I was just curious as to what kind of methods other teams have for project management within their program. I am looking for something that is relatively easy to understand/pick up and something that can map out projects in an easy to read graphical view. It would also be useful to know how a team uses said software/strategy so that I can try to understand how to properly utilize it.
My team recently adapted the spreadsheet mentioned in this video for assembly/part tracking (you can download a blank copy in the video description). Basically, every single part is added to the spreadsheet as well as relevant details such as quantity, and build type. The spreadsheet takes that info and calculates who the current owner of the part is. For example, if a part is under design, then CAD owns it, however as soon as the design is finished and a drawing is created, mechanical now owns it. Additionally there’s a whole set of analytics so you can get different breakdowns to see the overall status of the project, and specific assemblies in terms of finished parts vs unfinished parts. There’s a ton of baked in features to take a look at.
I have had to do a decent amount of leg work to adapt it for my team’s specific needs and capabilities, but it’s been an awesome tool. I have added features like an automatic timestamp when a row is edited (highlighted if changed in the past 4 hours), various conditional formating, a column to assign parts to a team member, and more. I’m currently in the process of adding priority and due date trackers. The sky’s the limit honestly with tools like Google sheets/Excel, you just have to make sure it’s still easy to read/understand and that team members stay vigilant in using and updating it (this applies to any project management tools tbh).
As a side note, I heavily recommend Martin’s channel and his marble machine x series. It’s been a fantastic journey!
Pandamaniacs haven’t historically had a project management system, so for 2019 I started small. One Google document, shared to the team GroupMe with “anyone with the link can edit” permissions. Maybe a little dangerous, and obviously basic as can be, but it worked.
We examined Basecamp for this year, but it got held up with school district approvals. Fingers crossed.

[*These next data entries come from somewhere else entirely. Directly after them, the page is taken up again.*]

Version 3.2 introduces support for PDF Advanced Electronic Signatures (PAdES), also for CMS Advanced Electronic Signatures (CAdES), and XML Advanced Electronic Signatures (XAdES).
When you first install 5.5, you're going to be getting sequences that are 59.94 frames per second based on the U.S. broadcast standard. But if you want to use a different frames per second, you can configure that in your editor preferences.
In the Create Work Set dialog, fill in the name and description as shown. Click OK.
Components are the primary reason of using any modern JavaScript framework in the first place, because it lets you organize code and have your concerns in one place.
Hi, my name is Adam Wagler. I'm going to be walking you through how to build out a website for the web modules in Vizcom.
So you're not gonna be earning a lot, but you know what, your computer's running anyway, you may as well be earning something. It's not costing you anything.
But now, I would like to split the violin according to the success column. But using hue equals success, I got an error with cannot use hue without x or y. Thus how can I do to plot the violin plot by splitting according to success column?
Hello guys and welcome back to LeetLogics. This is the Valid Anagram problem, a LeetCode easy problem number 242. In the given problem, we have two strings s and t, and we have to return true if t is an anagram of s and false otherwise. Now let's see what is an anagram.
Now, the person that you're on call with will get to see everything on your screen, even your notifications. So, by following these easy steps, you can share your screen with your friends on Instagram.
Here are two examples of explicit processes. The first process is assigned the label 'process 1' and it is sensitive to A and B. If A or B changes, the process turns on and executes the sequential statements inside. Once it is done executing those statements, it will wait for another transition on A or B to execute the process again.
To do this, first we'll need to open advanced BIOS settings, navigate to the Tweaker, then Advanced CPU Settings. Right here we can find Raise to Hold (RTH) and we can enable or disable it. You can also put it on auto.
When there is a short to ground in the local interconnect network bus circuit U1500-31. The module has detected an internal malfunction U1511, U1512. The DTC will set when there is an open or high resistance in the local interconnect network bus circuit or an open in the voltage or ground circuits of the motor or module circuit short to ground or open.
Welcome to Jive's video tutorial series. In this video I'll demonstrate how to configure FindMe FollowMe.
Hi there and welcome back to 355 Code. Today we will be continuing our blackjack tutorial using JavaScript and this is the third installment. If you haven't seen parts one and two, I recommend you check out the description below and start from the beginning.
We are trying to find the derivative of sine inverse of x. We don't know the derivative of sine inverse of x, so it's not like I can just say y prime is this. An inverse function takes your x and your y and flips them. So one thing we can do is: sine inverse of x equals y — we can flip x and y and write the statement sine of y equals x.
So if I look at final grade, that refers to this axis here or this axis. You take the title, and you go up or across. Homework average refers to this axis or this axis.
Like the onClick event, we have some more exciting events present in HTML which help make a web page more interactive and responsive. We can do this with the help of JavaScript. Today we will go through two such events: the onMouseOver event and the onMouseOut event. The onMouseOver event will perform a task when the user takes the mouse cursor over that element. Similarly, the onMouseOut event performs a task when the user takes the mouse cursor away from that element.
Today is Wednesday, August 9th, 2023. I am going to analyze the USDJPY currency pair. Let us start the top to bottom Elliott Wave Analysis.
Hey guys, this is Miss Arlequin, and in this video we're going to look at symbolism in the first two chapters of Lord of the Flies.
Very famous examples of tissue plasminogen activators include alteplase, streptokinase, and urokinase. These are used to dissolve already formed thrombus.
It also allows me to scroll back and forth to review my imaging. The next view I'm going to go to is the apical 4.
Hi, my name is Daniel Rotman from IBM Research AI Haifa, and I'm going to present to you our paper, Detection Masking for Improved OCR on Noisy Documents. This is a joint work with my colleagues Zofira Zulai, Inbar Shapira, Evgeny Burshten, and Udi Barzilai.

This is an area of focus for one of our student captains, and I’ve been mentoring him a bit as a former project manager. As far as an overall Gantt chart tool that is relatively simple, we’re experimenting with tomsplanner.com. For day-to-day sub-team work though, I feel a simple sticky note kanban board approach probably will work better. For those unfamiliar, here’s an web page I found that shows the simplest form (tasks on stickies in “not started”, “in progress”, and “done” columns), and then a more robust example a little further down. https://leankit.com/blog/2017/10/8-kanban-board-examples-for-engineering-manufacturing-organizations/
Even if neither of those approaches are used (or if both are), I think it’s important to get the team to align on what the milestones are (e.g. test chassis built), what “done” fully means for each milestone, and when each milestone needs to be done. A good exercise to try might be a “workback” plan… Start with a finished robot, practiced drive team, packed trailor, etc the night before the first competition. What set of tasks needed to be completed right before that to achieve that state? And what tasks before that state? And keep going backward all the way to kickoff. You’ll catch tasks and dependencies thinking backward that you may not when thinking only start-to-finish.
We’ve tried Trello with a board for each subteam, but not many team members looked at it regularly, which made it hard to use. We have been using Slack for the past few years (and loving it) and recently found Workstreams.ai, which is sort of like Trello with a Slack integration. We’re trying Workstreams this year and we’ll see how it goes.
We use Trello for all of our project management, but as stated above, getting buy-in is the hard part (we’ve found that putting our main design/fabrication board up on a large monitor where everyone can see it is helpful, both by drawing attention to Trello and by showing what tasks are up for grabs). We use one large board for all of our design and manufacturing work, where each part or assembly starts out in the CAD list, then gets moved to the manufacturing and/or assembly lists after it is done in CAD. We can also assign deadlines and owners to each item.